Web page caption snippets:
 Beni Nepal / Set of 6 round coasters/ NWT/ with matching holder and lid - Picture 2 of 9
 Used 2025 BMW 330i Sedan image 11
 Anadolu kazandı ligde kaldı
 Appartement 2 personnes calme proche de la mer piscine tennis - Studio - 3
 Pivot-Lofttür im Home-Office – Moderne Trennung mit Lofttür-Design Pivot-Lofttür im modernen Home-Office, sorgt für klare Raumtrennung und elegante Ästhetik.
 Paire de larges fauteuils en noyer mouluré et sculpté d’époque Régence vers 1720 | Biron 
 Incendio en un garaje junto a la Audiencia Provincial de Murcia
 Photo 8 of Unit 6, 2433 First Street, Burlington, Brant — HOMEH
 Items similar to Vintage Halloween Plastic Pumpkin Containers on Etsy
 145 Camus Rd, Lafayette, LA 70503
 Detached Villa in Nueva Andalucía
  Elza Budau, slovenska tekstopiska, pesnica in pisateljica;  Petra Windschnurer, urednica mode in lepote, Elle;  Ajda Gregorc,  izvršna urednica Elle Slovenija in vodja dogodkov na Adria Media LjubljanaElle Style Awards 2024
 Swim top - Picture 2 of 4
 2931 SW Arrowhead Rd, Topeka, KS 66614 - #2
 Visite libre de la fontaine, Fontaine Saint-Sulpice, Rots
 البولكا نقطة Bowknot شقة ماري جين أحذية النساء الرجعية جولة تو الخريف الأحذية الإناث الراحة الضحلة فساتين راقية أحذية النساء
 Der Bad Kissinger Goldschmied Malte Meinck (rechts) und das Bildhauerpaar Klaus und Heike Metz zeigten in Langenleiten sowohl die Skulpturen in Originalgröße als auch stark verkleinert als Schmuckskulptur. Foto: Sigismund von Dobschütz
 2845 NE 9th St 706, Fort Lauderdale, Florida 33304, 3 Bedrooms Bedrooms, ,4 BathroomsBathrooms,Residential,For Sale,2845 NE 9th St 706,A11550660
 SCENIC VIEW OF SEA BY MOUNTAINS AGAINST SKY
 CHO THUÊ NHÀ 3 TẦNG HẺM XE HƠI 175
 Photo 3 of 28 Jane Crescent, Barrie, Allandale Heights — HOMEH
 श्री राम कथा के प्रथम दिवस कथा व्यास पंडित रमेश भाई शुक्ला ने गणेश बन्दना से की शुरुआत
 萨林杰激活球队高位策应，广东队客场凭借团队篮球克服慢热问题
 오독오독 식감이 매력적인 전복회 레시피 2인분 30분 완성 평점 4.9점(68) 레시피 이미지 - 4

◆ WHAT THE TASK REQUIRES
None of the records may be omitted; each is to be printed exactly.

◆ TASK ANSWER
 Beni Nepal / Set of 6 round coasters/ NWT/ with matching holder and lid - Picture 2 of 9
 Used 2025 BMW 330i Sedan image 11
 Anadolu kazandı ligde kaldı
 Appartement 2 personnes calme proche de la mer piscine tennis - Studio - 3
 Pivot-Lofttür im Home-Office – Moderne Trennung mit Lofttür-Design Pivot-Lofttür im modernen Home-Office, sorgt für klare Raumtrennung und elegante Ästhetik.
 Paire de larges fauteuils en noyer mouluré et sculpté d’époque Régence vers 1720 | Biron 
 Incendio en un garaje junto a la Audiencia Provincial de Murcia
 Photo 8 of Unit 6, 2433 First Street, Burlington, Brant — HOMEH
 Items similar to Vintage Halloween Plastic Pumpkin Containers on Etsy
 145 Camus Rd, Lafayette, LA 70503
 Detached Villa in Nueva Andalucía
  Elza Budau, slovenska tekstopiska, pesnica in pisateljica;  Petra Windschnurer, urednica mode in lepote, Elle;  Ajda Gregorc,  izvršna urednica Elle Slovenija in vodja dogodkov na Adria Media LjubljanaElle Style Awards 2024
 Swim top - Picture 2 of 4
 2931 SW Arrowhead Rd, Topeka, KS 66614 - #2
 Visite libre de la fontaine, Fontaine Saint-Sulpice, Rots
 البولكا نقطة Bowknot شقة ماري جين أحذية النساء الرجعية جولة تو الخريف الأحذية الإناث الراحة الضحلة فساتين راقية أحذية النساء
 Der Bad Kissinger Goldschmied Malte Meinck (rechts) und das Bildhauerpaar Klaus und Heike Metz zeigten in Langenleiten sowohl die Skulpturen in Originalgröße als auch stark verkleinert als Schmuckskulptur. Foto: Sigismund von Dobschütz
 2845 NE 9th St 706, Fort Lauderdale, Florida 33304, 3 Bedrooms Bedrooms, ,4 BathroomsBathrooms,Residential,For Sale,2845 NE 9th St 706,A11550660
 SCENIC VIEW OF SEA BY MOUNTAINS AGAINST SKY
 CHO THUÊ NHÀ 3 TẦNG HẺM XE HƠI 175
 Photo 3 of 28 Jane Crescent, Barrie, Allandale Heights — HOMEH
 श्री राम कथा के प्रथम दिवस कथा व्यास पंडित रमेश भाई शुक्ला ने गणेश बन्दना से की शुरुआत
 萨林杰激活球队高位策应，广东队客场凭借团队篮球克服慢热问题
 오독오독 식감이 매력적인 전복회 레시피 2인분 30분 완성 평점 4.9점(68) 레시피 이미지 - 4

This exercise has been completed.